„Nationale Interessen beiseite lassen“
Interview mit dem Generaldirektor von Telesur Aram Aharoniam
Angelehnt an einen Ausspruch des Sängers Daniel Viglietti haben Sie gesagt, dass Telesur die Medien „entflechten” wird. Wie meinen Sie das?
Damit beziehe ich mich auf die großen Medienmonopole, nicht auf die Medien an sich. Es gibt eine totale Hegemonie im kommerziellen Fernsehen, die nur ein Denken zulässt, nur eine Art von Bildern. Wir wollen diese Hegemonie aufbrechen, indem wir eine Alternative anbieten: Telesur wird für andere Denk- und Ausdrucksformen zugänglich sein.
Können Sie den Anspruch von Telesur genauer beschreiben?

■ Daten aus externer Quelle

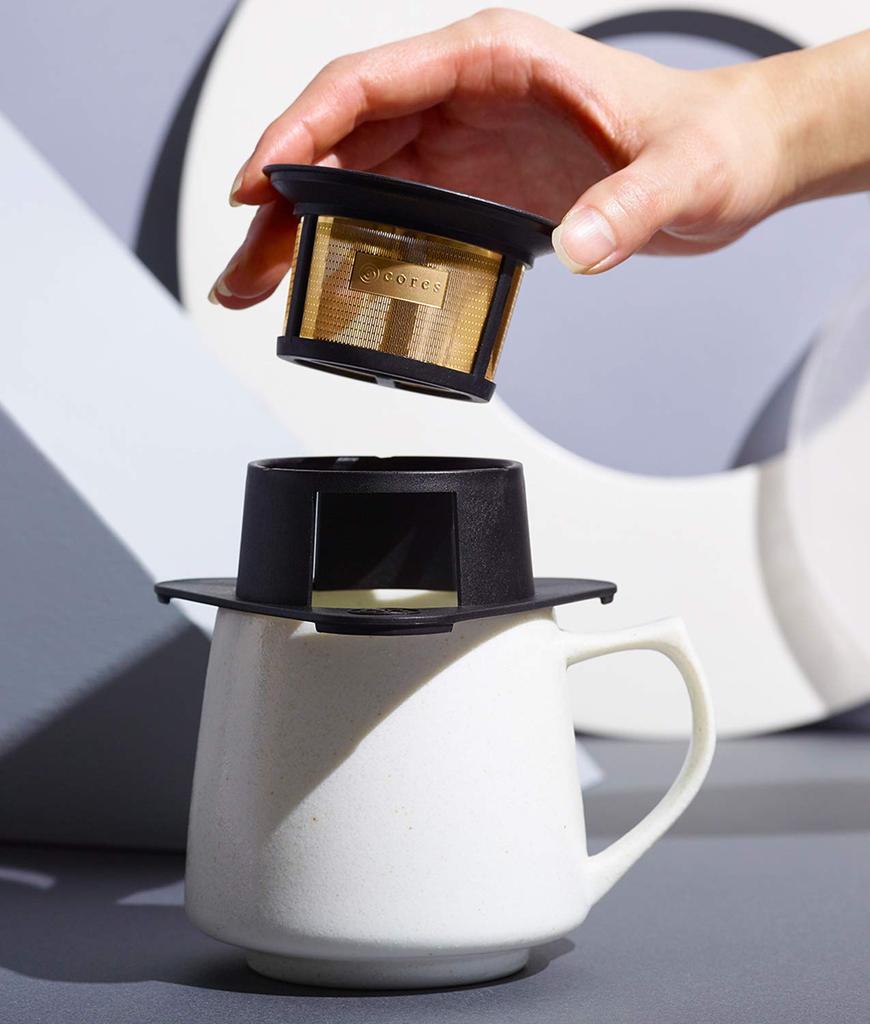 Cores Coffee Dripper, Developed In Collaboration with Maruyama Coffee, Gold Filter, Black, Single Cup, C211BK, No Paper Filter Required, Flavor,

Einmal heißt es, Telesur soll „ein aktiver und nicht reaktiver Kanal sein“, auf der anderen Seite heißt es aber auch, es soll ein „gegenhegemonialer Kanal“ sein.
Telesur ist kein Fernsehsender gegen etwas, sondern ein Kanal mit einer eigenen politischen Agenda. Wir machen kein Programm gegen CNN oder gegen das spanische Fernsehen. Und wir wollen auch nicht dem Vorbild der großen Informationssender folgen, sondern wollen die soziale, ethnische und kulturelle Unterschiedlichkeit Lateinamerikas reflektieren. In diesem Sinne ist Telesur mit seiner eigenen politischen Agenda sowohl aktiv, als auch gegenhegemonial, weil es gegen das Einheitsdenken ist.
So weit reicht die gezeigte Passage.